Em John From, seguimos Rita (Júlia Palha, espero que continues pela 7ª arte), uma rapariga com 15 anos que se apaixona pelo seu novo vizinho, mais velho que ela. Enquanto isso, o seu pacato verão em Telheiras torna-se mais e mais surreal.

Filmes coming-of-age são sempre muito complicados: muitas vezes são tão particulares à visão de quem os escreve/realiza que a audiência se sente alienada por essa intimidade; outra vezes são abrangentes demais para significarem o que quer que seja, a quem quer que seja. Perceber a faixa etária destes filmes é outro desafio: a história é para mim, adulto cada vez mais distante das minhas experiências adolescentes, ou para ti, jovem cheio de emoções à procura de algo com que se relacionar?
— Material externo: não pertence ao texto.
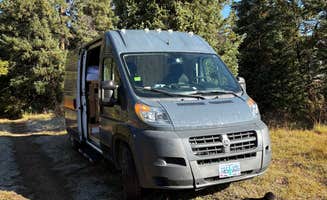 Lauren M.'s photo of camping with pets at Delmonica Gultch BLM Dispersed near Climax, CO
Por exemplo, o Montanha (2015) do João Salaviza é um filme que, apesar de sólido, provoca uma distância intransponível entre filme e audiência. Em retrospetiva, acho que a ausência de diálogo e os planos arrastados são mais um símbolo da soberba emocional do enredo (auto-imposta pelo próprio realizador) do que uma escolha propositadamente artística. Certamente há quem se relacione a nível emocional com o filme, mas é um exemplo daquela veia de cinema coming-of-age demasiado íntima, demasiado particular a uma só pessoa para fazer sentido de uma forma mais generalizada.

É cinema como desabafo, nada mais.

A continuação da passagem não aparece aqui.